Not only do most companies log browsing history for work devices, but these sites are also common sources of malware and spyware. And of course, accessing inappropriate content on a work device is a ground for termination at virtually every US company.
7. Run a side hustle or personal business
The freelance economy is booming, and plenty of full-time employees have side gigs. There's nothing wrong with that, but there’s plenty wrong with doing so on a work device.
Not only does it certainly go against your employer’s rules and risk your job, but most US employment contracts include clauses stating that any work created using company resources—including company devices—belongs to the employer.
This can include anything you’re working on for a client. A product you designed or code you wrote could legally become your company's property, not yours.
This clause is especially common in tech, creative, and knowledge-work industries. It’s a clause that, once again, often goes unnoticed, as it’s usually buried in onboarding paperwork.

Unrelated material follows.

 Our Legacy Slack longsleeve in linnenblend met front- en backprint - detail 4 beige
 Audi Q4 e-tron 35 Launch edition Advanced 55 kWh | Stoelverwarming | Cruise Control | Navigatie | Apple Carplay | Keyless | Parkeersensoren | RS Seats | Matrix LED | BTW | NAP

If you have a side hustle, protect both yourself and your client by keeping it entirely off company equipment.
Emphasizing ‘work’ on work devices
Rarely are these things done out of ill intent. Often, it’s about convenience and habit—a result of blurred boundaries between work and personal life.
At the end of the day, however, it’s your employer’s device. Everything on it is beholden to their policies, visibility, and legal rights.
This doesn’t mean you should feel paranoid; it just means you should be deliberate. Draw clear boundaries on what and what not to do on a work device and protect your data, reputation, and career.